Activity
Could you print exactly the lines of the listing below, starting at the line that has "Vintage Autumn Leaves" and ending at the line that has "Austrian Crystal Lion", and only those lines?

Records for the task

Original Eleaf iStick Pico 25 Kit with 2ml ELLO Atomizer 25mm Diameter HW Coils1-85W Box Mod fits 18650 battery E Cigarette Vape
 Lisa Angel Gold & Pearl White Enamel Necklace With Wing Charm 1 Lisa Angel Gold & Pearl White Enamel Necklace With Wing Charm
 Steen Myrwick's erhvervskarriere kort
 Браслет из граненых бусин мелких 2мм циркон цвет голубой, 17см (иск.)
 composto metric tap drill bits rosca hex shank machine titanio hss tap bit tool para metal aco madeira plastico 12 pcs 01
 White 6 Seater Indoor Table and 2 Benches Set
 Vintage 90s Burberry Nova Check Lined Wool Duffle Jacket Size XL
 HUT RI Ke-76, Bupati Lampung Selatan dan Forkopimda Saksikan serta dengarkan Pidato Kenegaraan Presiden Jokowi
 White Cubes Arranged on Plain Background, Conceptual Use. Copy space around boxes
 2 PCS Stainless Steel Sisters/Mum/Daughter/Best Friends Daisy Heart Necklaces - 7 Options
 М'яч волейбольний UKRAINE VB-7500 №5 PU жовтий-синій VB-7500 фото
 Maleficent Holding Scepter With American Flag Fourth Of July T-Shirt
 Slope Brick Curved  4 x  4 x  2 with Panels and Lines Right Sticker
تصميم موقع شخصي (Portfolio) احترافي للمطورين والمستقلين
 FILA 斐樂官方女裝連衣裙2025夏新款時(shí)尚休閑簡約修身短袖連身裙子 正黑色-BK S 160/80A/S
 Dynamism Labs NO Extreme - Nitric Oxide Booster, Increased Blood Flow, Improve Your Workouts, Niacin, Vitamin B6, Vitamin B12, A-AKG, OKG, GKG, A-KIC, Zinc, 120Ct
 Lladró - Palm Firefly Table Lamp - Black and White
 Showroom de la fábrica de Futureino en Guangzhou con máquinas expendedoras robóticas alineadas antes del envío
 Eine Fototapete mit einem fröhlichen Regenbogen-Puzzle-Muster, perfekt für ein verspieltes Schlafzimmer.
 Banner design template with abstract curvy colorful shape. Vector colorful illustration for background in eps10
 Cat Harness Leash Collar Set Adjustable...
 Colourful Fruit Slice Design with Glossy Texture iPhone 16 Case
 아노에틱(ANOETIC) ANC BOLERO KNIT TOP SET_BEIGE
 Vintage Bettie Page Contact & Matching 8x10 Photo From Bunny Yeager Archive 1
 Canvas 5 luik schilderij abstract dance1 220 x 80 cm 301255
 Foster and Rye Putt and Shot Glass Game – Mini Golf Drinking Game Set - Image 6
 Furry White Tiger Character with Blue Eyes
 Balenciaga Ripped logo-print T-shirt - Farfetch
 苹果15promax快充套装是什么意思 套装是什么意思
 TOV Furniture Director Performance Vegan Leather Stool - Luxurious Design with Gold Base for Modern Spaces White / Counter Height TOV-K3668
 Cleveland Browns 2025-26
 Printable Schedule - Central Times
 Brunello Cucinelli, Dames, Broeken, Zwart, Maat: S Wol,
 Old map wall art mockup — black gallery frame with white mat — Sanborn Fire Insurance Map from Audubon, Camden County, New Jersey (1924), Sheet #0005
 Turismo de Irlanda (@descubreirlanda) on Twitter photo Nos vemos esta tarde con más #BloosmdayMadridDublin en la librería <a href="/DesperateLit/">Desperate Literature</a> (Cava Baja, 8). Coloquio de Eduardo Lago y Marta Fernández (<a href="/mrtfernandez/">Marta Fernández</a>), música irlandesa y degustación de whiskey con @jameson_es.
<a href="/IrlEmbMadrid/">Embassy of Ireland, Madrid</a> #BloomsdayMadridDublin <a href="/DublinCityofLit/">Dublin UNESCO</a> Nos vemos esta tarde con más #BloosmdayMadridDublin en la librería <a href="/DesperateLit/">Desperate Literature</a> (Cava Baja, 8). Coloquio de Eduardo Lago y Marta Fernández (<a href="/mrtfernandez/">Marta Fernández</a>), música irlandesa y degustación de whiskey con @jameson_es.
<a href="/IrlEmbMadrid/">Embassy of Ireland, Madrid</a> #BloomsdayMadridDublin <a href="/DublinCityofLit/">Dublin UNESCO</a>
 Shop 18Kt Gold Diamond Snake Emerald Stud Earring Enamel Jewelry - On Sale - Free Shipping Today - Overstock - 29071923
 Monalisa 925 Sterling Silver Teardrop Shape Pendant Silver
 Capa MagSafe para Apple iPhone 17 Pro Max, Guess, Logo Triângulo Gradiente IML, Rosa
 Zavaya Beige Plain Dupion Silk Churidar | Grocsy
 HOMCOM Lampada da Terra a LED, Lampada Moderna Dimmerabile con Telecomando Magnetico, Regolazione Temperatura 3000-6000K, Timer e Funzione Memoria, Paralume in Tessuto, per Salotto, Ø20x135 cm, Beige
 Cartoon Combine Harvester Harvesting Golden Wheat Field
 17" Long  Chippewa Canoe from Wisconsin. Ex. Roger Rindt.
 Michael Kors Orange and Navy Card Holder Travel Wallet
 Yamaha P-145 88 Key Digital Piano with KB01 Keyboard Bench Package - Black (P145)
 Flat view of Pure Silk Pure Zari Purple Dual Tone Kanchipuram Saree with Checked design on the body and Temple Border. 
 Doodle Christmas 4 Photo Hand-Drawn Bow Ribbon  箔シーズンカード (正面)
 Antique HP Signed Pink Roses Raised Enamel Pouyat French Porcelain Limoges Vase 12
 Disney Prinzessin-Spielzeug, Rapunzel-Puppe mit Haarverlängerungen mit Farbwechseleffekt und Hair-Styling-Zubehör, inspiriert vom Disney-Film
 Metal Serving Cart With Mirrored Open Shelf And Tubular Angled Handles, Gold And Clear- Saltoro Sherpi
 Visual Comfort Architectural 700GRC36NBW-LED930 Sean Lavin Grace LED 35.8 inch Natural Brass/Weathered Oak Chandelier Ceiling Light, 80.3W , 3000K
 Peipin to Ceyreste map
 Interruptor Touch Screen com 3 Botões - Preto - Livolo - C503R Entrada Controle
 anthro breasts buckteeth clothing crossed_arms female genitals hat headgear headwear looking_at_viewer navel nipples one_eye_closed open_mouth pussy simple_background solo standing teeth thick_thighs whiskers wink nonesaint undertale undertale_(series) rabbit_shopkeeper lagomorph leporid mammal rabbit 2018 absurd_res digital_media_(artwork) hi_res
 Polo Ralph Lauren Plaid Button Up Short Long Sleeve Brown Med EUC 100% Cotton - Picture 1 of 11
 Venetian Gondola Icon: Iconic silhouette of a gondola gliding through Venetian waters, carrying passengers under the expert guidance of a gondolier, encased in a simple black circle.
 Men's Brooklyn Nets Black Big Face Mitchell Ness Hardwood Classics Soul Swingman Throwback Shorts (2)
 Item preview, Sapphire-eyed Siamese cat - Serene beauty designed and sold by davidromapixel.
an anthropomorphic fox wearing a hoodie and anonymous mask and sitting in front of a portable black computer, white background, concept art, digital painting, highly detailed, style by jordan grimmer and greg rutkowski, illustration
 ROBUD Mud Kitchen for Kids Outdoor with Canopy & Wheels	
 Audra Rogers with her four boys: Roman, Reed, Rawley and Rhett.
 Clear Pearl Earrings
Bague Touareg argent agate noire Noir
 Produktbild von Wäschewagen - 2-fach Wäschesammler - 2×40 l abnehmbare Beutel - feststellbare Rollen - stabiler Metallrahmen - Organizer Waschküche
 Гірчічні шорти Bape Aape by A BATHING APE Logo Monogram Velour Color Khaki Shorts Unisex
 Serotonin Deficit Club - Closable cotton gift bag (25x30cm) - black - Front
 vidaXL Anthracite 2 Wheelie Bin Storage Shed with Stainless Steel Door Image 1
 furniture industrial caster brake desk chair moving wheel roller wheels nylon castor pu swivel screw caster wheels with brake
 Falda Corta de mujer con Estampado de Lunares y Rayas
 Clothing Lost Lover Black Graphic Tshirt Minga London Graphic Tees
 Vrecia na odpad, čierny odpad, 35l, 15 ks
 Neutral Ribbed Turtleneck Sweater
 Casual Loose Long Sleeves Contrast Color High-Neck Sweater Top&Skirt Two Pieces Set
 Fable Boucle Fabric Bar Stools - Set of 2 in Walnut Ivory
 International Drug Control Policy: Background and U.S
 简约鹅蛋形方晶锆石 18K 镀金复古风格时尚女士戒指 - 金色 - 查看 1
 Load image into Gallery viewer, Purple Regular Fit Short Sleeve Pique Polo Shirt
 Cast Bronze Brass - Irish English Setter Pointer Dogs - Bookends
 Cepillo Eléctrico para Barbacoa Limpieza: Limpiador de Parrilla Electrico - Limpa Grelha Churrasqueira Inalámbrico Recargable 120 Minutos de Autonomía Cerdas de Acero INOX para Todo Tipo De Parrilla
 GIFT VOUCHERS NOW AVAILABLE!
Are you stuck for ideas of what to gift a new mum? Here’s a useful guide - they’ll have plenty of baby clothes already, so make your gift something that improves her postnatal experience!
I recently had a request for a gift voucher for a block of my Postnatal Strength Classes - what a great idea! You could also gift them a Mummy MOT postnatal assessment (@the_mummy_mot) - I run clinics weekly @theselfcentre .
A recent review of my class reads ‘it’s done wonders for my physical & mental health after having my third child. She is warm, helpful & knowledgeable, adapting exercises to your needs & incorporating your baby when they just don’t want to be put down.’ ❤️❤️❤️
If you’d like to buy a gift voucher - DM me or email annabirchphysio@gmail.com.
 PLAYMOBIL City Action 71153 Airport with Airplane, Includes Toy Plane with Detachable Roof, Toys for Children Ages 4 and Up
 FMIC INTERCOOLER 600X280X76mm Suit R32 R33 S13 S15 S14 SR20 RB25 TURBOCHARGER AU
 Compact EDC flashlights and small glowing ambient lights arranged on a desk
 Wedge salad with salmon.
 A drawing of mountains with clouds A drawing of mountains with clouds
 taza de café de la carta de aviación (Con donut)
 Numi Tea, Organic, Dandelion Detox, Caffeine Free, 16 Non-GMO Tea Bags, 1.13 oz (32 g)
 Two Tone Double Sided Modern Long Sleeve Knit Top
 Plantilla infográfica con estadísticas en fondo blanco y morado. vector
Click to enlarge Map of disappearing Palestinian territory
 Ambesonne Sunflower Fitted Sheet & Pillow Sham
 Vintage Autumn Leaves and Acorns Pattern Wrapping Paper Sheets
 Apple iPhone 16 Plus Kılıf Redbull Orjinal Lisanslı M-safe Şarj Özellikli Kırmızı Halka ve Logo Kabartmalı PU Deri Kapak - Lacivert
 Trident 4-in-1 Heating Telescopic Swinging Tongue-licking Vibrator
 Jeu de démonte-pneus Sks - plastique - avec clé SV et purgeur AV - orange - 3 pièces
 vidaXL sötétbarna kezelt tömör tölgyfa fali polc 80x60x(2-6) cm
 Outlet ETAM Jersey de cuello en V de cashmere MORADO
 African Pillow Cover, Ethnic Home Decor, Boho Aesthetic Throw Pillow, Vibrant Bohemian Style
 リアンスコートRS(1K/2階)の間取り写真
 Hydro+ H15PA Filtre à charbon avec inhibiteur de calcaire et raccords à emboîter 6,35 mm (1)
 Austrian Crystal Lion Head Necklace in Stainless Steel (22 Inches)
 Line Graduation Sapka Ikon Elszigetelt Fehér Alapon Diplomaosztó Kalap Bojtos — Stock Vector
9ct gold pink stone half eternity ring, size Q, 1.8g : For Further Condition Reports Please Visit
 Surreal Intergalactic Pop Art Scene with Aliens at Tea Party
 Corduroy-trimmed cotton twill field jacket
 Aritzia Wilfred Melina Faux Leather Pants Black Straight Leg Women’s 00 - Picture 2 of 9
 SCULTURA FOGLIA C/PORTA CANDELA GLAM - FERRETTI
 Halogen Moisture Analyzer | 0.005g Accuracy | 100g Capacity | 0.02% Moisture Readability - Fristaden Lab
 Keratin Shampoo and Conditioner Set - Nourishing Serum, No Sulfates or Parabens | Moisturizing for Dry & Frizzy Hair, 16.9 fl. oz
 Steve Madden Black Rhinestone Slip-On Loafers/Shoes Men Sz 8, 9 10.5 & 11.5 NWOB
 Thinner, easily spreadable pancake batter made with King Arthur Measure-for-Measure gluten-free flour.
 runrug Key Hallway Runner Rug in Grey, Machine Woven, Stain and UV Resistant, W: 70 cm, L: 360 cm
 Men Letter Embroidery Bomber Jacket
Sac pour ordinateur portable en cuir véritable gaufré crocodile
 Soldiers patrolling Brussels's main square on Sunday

Written response
 Vintage Autumn Leaves and Acorns Pattern Wrapping Paper Sheets
 Apple iPhone 16 Plus Kılıf Redbull Orjinal Lisanslı M-safe Şarj Özellikli Kırmızı Halka ve Logo Kabartmalı PU Deri Kapak - Lacivert
 Trident 4-in-1 Heating Telescopic Swinging Tongue-licking Vibrator
 Jeu de démonte-pneus Sks - plastique - avec clé SV et purgeur AV - orange - 3 pièces
 vidaXL sötétbarna kezelt tömör tölgyfa fali polc 80x60x(2-6) cm
 Outlet ETAM Jersey de cuello en V de cashmere MORADO
 African Pillow Cover, Ethnic Home Decor, Boho Aesthetic Throw Pillow, Vibrant Bohemian Style
 リアンスコートRS(1K/2階)の間取り写真
 Hydro+ H15PA Filtre à charbon avec inhibiteur de calcaire et raccords à emboîter 6,35 mm (1)
 Austrian Crystal Lion Head Necklace in Stainless Steel (22 Inches)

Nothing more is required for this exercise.